The point estimates for the two population variances:
var(LungCap[Smoke=="yes"])
## [1] 3.545292
var(LungCap[Smoke=="no"])
## [1] 7.431694
Testing if the mean in lung capacity of non-smokers and smokers can be the same. This leads to a two-tailed test and we will assume not equal variances as tested above with the Levene’s test.

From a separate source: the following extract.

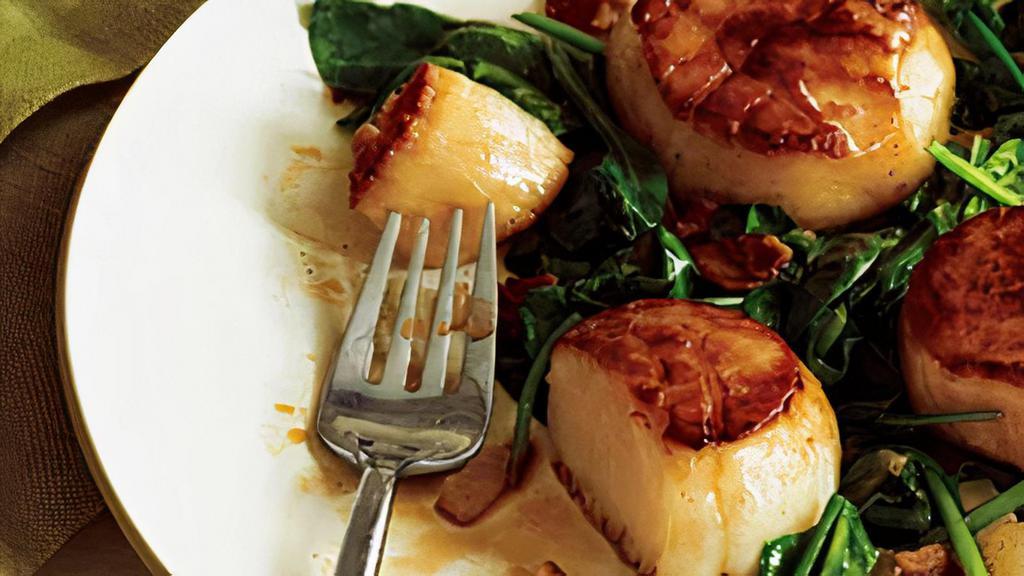 Seared Scallops & Risotto · perfectly seared diver sea scallops, served with parmesan risotto and sauteed spinach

# H0: Mean lung capacity of non-smokers = lung cap of smokers
# Two-tailed hypothesis test
# Assuming non-equal variances
t.test(LungCap~Smoke, mu=0, alternative = "two.sided", conf.level = 0.95, var.equal = FALSE, paired = F)
##
## Welch Two Sample t-test
##
## data: LungCap by Smoke
## t = -3.6498, df = 117.72, p-value = 0.0003927
## alternative hypothesis: true difference in means is not equal to 0
## 95 percent confidence interval:
## -1.3501778 -0.4003548
## sample estimates:
## mean in group no mean in group yes
## 7.770188 8.645455
# The arguments mu=0, alt="two.sided", conf=0.95, var.eq=FALSE, paired=F are default
# The test can therefore be written in short:
t.test(LungCap~Smoke)
##
## Welch Two Sample t-test
##
## data: LungCap by Smoke
## t = -3.6498, df = 117.72, p-value = 0.0003927
## alternative hypothesis: true difference in means is not equal to 0
## 95 percent confidence interval:
## -1.3501778 -0.4003548
## sample estimates:
## mean in group no mean in group yes
## 7.770188 8.645455